Traditional Greek Meatballs
My papoo (grandfather) made the best keftedes in the world. Once, in the 1940s, a thief broke into his restaurant and stole all of them—and nothing else! The Press Herald even ran a short humorous piece about the theft. I found this clipping in the attic.
Mild with a specific ratio of spices and onion, these addictive meatballs make a perfect appetizer with a dipping sauce. They’re a crowd-pleasing main course with pasta. Key ingredient: firm sliced bread.

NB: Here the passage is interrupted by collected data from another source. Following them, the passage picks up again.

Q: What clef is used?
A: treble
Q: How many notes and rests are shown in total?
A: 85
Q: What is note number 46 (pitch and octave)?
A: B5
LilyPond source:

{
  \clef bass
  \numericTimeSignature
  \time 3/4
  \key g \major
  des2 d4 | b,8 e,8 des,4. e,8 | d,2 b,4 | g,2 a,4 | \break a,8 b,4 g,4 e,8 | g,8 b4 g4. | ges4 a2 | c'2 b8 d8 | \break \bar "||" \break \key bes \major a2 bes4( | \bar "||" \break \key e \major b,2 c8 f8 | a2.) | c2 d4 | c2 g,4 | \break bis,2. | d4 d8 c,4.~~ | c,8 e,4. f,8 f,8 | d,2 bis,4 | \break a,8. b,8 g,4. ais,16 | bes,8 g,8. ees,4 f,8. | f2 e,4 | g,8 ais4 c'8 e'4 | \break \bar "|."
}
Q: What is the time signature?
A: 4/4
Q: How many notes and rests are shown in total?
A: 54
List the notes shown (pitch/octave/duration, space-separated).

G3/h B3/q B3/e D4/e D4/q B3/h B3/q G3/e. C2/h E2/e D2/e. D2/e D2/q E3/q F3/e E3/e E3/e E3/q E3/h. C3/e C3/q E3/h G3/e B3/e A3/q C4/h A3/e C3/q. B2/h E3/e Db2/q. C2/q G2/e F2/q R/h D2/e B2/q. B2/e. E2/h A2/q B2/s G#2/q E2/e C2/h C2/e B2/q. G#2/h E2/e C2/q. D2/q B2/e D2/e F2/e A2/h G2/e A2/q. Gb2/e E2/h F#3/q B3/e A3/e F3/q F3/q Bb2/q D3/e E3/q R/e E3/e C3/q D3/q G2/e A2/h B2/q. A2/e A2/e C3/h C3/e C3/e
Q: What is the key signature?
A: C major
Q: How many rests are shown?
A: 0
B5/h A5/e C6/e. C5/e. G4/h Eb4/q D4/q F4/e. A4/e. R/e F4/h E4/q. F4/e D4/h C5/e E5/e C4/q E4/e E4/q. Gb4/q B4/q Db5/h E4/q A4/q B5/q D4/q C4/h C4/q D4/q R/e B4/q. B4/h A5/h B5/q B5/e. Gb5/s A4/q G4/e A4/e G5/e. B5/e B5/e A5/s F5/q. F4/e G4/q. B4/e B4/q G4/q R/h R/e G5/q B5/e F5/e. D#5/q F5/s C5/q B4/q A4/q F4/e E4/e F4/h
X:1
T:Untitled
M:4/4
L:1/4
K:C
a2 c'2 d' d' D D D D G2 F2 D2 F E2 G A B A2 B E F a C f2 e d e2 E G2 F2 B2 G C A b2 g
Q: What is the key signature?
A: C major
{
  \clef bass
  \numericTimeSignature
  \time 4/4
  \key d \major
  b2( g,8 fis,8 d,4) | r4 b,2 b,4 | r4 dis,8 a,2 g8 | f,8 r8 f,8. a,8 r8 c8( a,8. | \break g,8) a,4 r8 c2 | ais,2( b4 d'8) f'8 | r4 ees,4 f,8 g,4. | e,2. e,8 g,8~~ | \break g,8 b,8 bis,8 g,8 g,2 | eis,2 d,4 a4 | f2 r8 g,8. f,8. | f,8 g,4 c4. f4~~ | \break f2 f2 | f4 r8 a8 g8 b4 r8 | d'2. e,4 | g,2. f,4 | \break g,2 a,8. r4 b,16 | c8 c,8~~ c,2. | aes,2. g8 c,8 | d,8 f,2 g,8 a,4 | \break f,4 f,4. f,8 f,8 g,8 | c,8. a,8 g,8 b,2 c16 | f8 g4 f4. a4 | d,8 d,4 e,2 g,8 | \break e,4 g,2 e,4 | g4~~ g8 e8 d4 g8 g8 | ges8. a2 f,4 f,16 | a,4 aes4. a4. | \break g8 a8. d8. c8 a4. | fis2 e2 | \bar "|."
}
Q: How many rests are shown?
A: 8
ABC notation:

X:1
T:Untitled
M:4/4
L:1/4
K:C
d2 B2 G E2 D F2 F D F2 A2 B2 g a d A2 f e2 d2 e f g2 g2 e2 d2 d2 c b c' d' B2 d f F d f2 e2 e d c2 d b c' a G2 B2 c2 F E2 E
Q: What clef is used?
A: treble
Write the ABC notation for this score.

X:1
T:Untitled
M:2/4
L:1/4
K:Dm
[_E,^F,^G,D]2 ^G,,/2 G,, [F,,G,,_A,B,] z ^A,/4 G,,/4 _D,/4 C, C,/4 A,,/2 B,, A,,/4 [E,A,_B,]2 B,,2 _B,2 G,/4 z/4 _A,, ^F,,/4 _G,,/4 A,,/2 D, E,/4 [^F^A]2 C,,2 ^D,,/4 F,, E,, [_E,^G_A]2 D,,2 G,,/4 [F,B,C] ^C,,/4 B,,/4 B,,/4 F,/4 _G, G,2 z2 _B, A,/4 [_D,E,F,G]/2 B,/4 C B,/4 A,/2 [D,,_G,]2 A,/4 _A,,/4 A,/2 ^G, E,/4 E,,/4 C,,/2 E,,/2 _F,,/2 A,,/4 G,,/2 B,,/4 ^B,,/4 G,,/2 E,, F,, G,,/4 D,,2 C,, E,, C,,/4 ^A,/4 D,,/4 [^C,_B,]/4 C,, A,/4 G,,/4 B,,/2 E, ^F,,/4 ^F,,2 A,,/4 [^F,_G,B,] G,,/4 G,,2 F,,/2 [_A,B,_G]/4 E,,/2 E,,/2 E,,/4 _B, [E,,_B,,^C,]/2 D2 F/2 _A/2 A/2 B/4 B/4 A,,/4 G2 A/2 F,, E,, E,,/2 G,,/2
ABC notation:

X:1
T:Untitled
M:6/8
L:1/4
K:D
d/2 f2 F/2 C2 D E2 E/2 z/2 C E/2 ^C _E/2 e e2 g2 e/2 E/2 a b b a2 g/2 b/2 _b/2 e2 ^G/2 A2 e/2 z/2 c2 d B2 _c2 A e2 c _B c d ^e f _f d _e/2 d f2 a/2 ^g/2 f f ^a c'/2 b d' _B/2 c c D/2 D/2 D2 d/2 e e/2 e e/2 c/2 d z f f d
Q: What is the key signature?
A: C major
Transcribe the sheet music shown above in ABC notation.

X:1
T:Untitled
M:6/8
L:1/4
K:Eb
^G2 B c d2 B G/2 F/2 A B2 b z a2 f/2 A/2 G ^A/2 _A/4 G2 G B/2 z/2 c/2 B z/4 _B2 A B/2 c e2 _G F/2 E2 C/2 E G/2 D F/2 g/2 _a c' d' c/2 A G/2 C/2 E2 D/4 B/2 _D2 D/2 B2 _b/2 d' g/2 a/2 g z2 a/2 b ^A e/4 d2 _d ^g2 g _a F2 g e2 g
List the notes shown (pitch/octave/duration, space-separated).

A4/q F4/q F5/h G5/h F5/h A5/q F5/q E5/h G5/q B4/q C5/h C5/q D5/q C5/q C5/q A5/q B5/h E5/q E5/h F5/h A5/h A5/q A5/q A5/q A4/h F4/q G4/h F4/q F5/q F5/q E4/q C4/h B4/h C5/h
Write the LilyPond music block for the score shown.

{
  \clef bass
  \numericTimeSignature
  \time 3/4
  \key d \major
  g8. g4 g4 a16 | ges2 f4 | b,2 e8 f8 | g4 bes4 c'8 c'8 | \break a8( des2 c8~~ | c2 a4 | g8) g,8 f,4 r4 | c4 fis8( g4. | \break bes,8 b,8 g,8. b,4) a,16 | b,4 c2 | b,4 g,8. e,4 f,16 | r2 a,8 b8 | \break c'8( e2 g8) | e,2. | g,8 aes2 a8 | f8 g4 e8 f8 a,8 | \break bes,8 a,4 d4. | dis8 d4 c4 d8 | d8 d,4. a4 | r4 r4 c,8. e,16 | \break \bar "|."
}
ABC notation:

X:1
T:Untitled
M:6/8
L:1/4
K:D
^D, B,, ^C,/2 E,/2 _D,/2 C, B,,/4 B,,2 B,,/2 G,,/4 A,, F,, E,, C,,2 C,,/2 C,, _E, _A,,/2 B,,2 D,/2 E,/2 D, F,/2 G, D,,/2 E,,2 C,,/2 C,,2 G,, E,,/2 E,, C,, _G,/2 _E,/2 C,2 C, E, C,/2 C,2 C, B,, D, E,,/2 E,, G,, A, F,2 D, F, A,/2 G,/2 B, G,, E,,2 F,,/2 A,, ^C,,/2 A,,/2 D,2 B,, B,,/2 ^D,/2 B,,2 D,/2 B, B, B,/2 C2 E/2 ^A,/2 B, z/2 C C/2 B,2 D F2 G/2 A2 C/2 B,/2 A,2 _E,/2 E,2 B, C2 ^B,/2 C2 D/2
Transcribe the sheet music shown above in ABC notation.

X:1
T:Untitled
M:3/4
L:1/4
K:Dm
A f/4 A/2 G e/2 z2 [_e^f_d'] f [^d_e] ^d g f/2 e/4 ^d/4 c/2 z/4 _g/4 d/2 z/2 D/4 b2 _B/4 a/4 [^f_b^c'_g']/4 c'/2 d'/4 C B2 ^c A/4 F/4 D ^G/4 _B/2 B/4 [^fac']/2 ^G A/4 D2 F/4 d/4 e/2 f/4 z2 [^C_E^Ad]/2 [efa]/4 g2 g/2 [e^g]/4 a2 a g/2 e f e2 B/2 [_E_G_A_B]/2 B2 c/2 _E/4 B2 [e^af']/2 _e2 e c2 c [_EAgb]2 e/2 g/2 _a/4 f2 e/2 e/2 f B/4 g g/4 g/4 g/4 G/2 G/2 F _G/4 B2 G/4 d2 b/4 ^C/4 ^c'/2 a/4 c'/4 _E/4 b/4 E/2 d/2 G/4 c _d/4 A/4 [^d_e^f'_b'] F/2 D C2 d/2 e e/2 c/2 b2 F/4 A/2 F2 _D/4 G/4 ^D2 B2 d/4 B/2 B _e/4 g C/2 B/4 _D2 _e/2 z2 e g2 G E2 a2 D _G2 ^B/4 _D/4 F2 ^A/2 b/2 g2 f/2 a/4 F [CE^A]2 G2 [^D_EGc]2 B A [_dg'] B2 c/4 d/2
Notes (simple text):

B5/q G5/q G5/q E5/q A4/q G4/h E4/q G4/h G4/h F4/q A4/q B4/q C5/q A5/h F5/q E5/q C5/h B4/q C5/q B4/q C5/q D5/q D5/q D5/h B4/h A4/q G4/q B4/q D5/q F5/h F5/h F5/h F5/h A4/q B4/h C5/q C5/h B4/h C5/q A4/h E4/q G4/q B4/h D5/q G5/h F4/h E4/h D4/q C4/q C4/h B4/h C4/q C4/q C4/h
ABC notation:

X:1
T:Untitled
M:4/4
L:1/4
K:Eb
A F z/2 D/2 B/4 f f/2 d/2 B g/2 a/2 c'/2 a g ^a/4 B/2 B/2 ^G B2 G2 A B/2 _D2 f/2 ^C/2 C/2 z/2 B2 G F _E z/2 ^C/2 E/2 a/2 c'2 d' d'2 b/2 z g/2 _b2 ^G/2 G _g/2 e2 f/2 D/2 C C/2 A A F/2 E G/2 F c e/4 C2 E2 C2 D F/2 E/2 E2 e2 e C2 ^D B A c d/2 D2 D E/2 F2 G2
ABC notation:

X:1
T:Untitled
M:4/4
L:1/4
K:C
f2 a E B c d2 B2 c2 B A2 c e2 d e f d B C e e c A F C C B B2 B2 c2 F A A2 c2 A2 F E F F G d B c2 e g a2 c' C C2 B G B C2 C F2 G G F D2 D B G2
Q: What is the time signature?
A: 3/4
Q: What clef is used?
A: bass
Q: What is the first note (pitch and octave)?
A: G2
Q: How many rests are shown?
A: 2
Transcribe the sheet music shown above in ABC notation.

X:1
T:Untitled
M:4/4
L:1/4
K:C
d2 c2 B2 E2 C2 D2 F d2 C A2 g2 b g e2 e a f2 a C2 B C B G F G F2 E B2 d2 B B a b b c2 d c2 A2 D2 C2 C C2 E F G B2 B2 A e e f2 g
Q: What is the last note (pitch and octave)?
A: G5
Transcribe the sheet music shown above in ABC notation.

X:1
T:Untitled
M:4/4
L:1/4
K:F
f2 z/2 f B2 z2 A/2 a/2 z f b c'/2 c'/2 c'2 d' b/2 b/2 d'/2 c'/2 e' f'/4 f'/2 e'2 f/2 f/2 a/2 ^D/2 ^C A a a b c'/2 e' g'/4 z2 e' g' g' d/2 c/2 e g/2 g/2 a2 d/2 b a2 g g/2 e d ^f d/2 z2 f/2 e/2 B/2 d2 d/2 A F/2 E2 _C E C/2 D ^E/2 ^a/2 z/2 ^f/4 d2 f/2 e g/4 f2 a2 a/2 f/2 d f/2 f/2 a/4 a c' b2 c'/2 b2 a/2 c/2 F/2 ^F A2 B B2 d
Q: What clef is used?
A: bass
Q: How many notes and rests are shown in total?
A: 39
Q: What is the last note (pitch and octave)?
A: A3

Yield: 24 meatballs, 2½ ounces each
Prep: 30 minutes
Cooking: 40 minutes
8 slices firm sliced bread (white, wheat or your favorite)*
1 large sweet or yellow onion, chopped fine
2 pounds ground beef (or lamb), 80–85% lean
3 large eggs
4 tablespoons fresh flat-leaf parsley, chopped fine
2 teaspoons dried oregano
2 cloves garlic, minced
1 teaspoon cinnamon
3 teaspoons kosher salt
1½ teaspoons black pepper
4 tablespoons lemon juice, or juice of 1 medium fresh lemon
8 ounces flour (white or whole wheat), in a flat, wide platter
4 ounces extra-virgin olive oil (with a harvest date), for initial browning
Nonstick cooking spray
- 12-inch, or larger, cast-iron skillet
- Baking sheet, 21 x 15 inches
- Digital instant-read meat thermometer
*NOTE: A day prior to cooking/serving, place bread in a bowl. Do not cover. Leave overnight on the counter.
Peel onions, finely chop them and set aside. Trim crusts from bread slices; place the slices in a bowl and add a small amount of water to moisten. Place beef (or lamb) and onions in a separate large bowl. Squeeze the water out of bread slices and combine with meat. Mix meat, onion and bread very thoroughly with your hands.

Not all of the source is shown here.